Net income rose 34 percent to $468 million, or $1.18 a share, from $350 million, or 86 cents, a year earlier, the Dallas-based company said today in a statement. Excluding some items, profit was $1.24, compared with the $1.17 average of 13 analysts’ estimates compiled by Bloomberg.
Kimberly-Clark, along with other consumer-products companies, raised prices in the past year to mitigate higher expenses for some commodities that are now moderating. Organic sales growth rose 13 percent in the international division, compared with 6 percent companywide.
“Clearly, the overseas part of this is helping,” Jack Russo, an analyst at Edward Jones & Co., said today in an interview. “They’re off to a good start, and this hopefully bodes well for the other personal care-household products companies,” said Russo, who recommends holding the shares.
The shares rose 1.6 percent to $76.47 at the close in New York. Kimberly-Clark has gained 4 percent this year.
Revenue advanced 4.2 percent to $5.24 billion, according to the statement. The company is still coping with continued low birthrates in the developed world, and in January predicted full-year profit that trailed analysts’ estimates, citing slowing demand in developed markets and foreign currency “headwinds” this year.
Kimberly-Clark reaffirmed its full-year earnings forecast of $5 to $5.15 a share, excluding restructuring costs.
Connie Maneaty, an analyst at BMO Capital Markets in New York, said in a note today that the forecast is “conservative, especially given the solid organic sales results” in the first quarter. She has a “market perform” rating on the shares.
Kimberly-Clark plans to boost marketing faster than sales, particularly overseas, Chief Executive Officer Tom Falk said in the statement. Last year, about half of the company’s sales came from outside the U.S.
Television advertising is still important in developing markets and social media is particularly effective in reaching overseas consumers buying diapers and feminine care, Chief Financial Officer Mark Buthman said today in a telephone interview.
Executives on a conference call discussed extending more of the company’s brands overseas.
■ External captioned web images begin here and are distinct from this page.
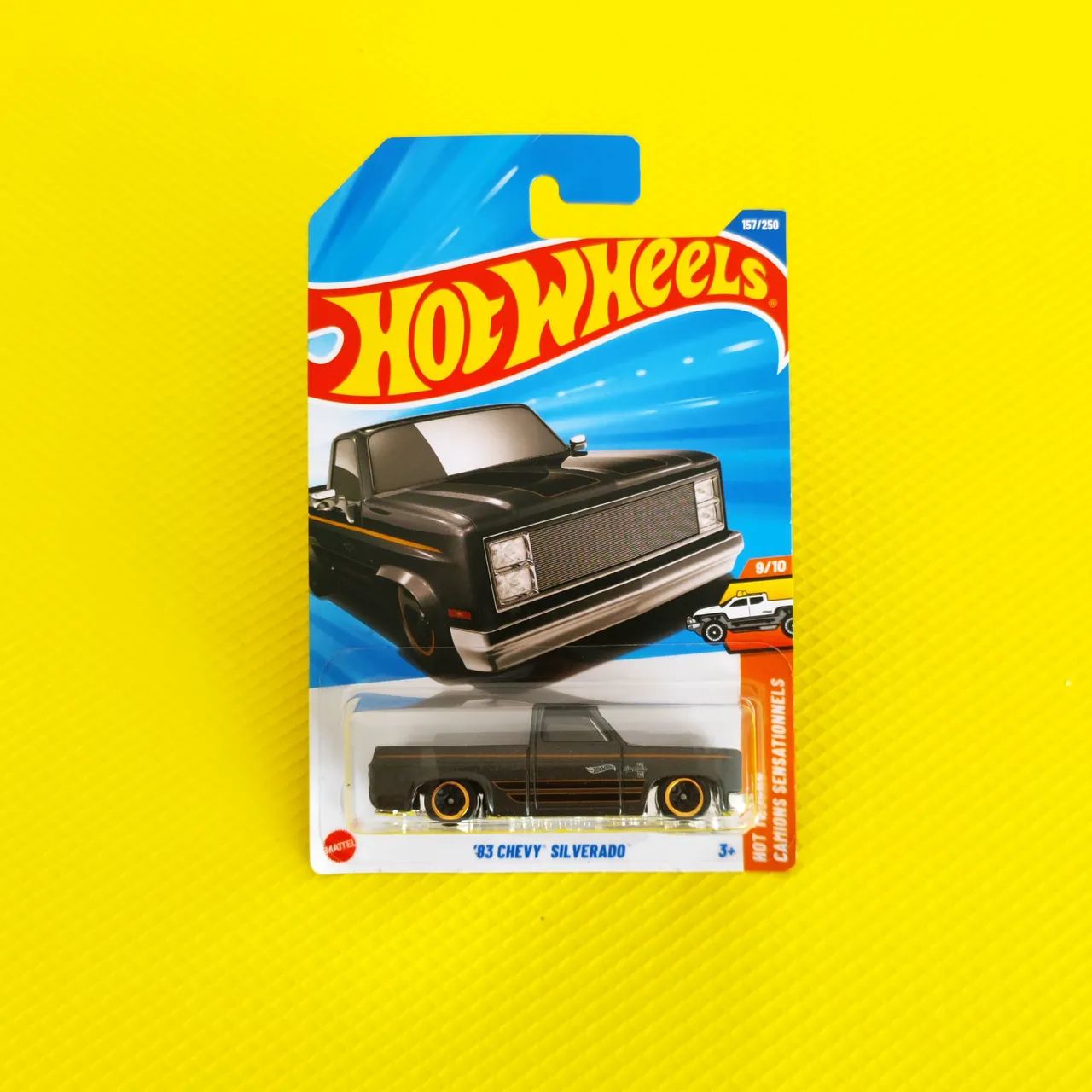 1x Hot Wheels '83 Chevy Silverado - HW Hot Trucks (9/10) - Código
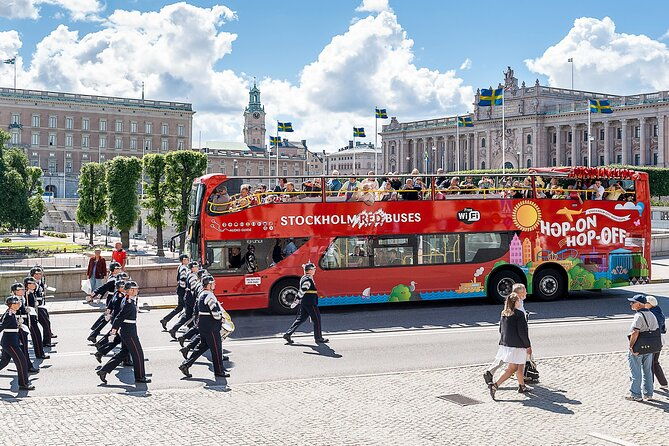 stockholm-hop-on-hop-off-bus-boat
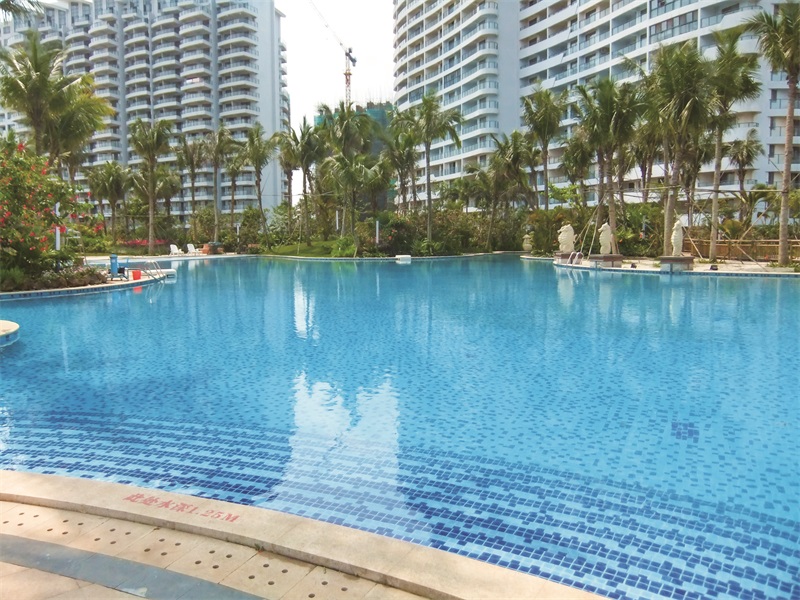 游泳池清洁机械人怎样资助维护泳池水质？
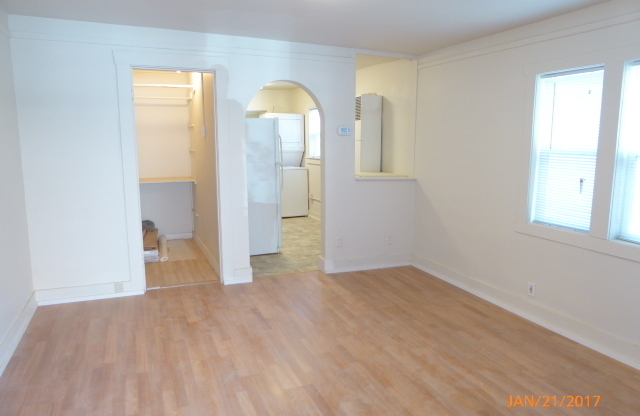 Cozy Studio Townhome with 1 Bath (Ballard)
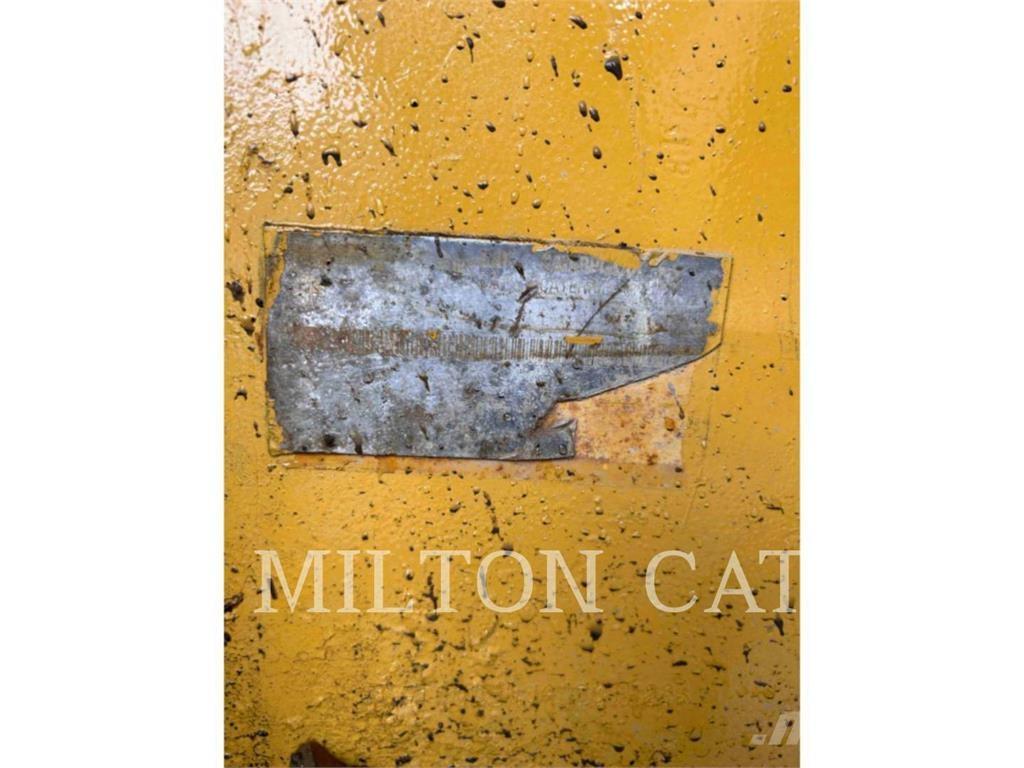 CAT D5NLGP Dozer cingolati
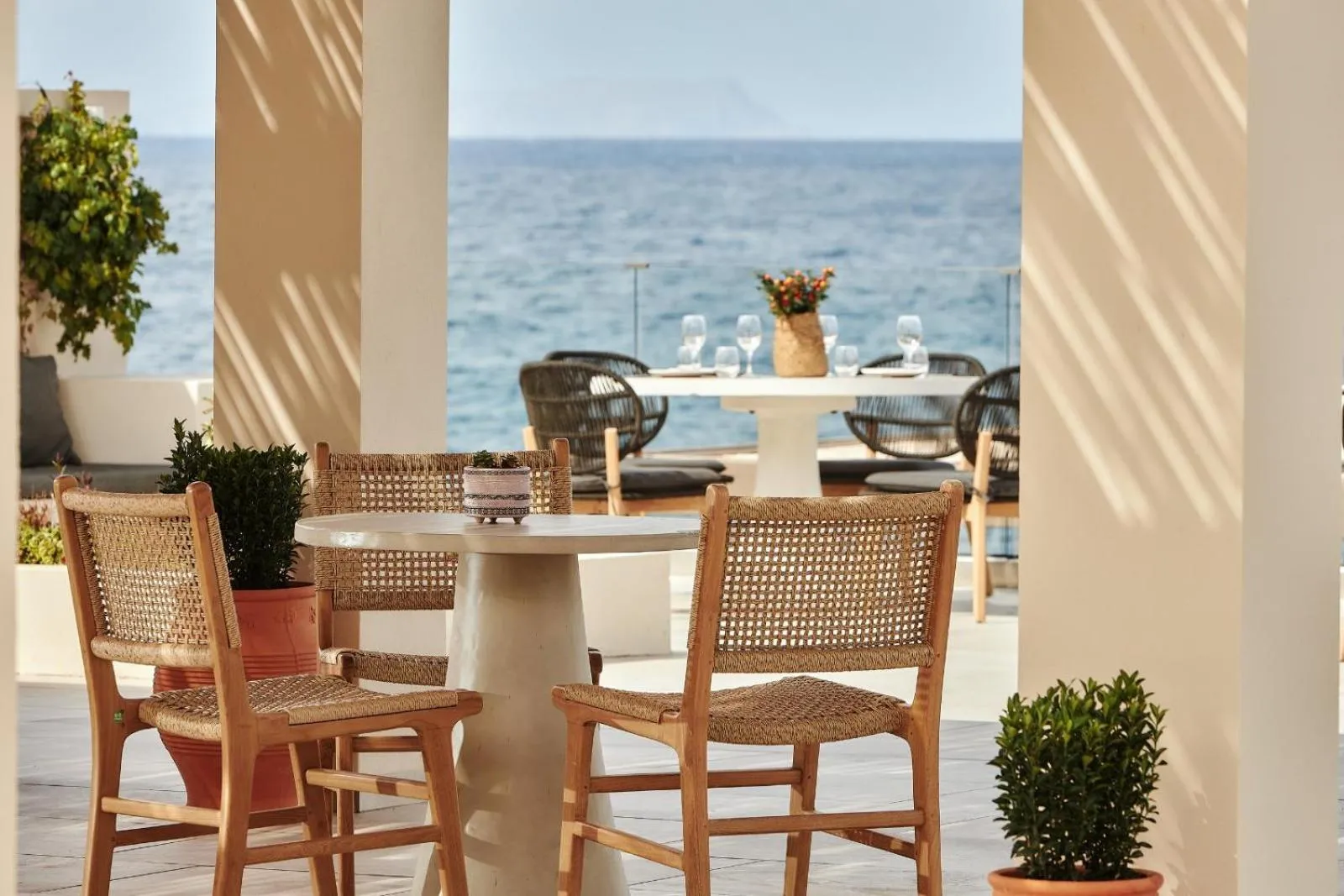 Restaurant/places to eat in Vasia Sea Retreat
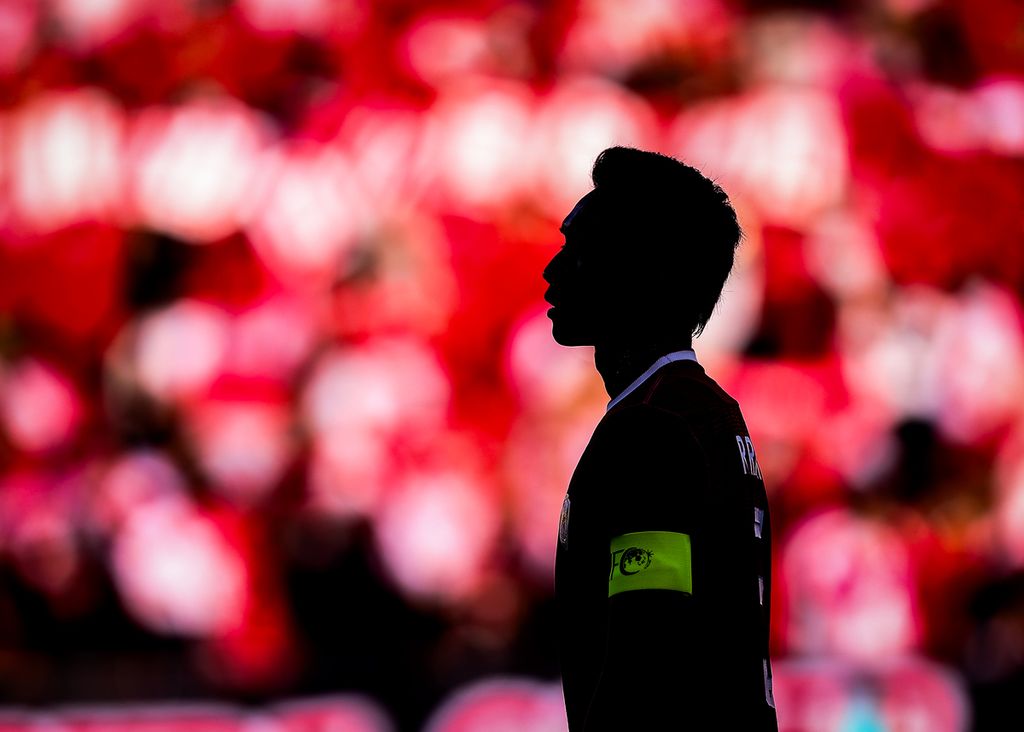 The silhouette of the center-back and captain of Indonesia, Rizky Ridho, in the Group A match of the 2024 U-23 Asian Cup against Australia on Thursday (4/18/2024) at Abdullah bin Khalifa Stadium, Doha. Rizky couldn't participate in the third-place match against Iraq on Thursday (5/2/2024) because he received a red card in the semifinal match against Uzbekistan.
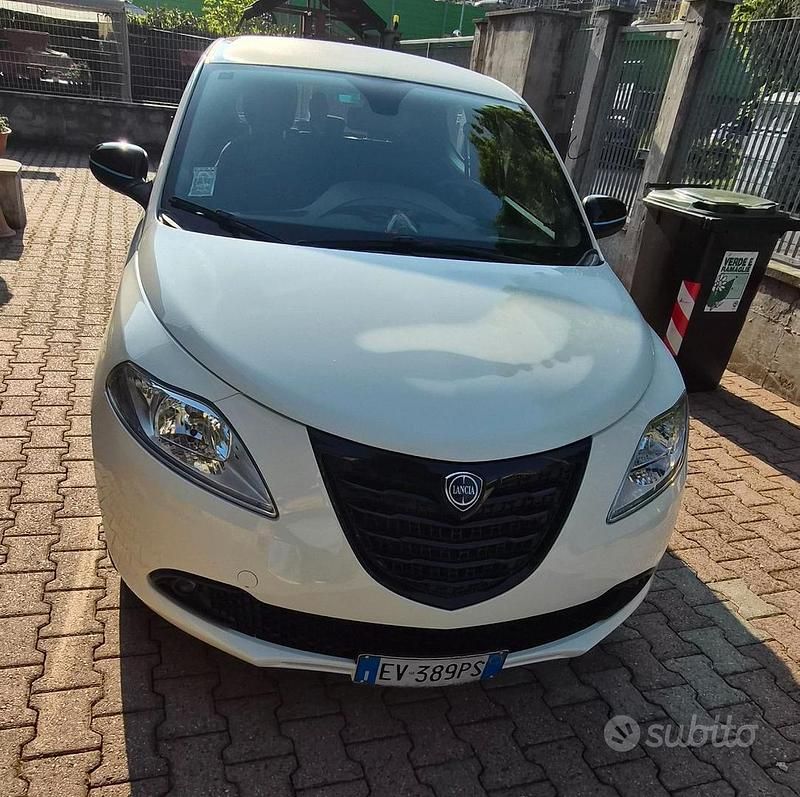 Usata Lancia Ypsilon 69 CV (50 kW) 2014 Bianco Utilitaria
Kimberly-Clark sees opportunities to expanding categories in developing markets, such as incontinence products, Buthman said.
The quarter included $60 million in cost reductions. While the cost of fiber fell, total prices for materials rose $10 million from a year earlier. For this year, Kimberly-Clark said it expects its commodity costs to range from a $50 million decrease to a $50 million increase.
Kimberly-Clark is more affected by commodity costs than other consumer products companies because of the range of products it sells, said Russo.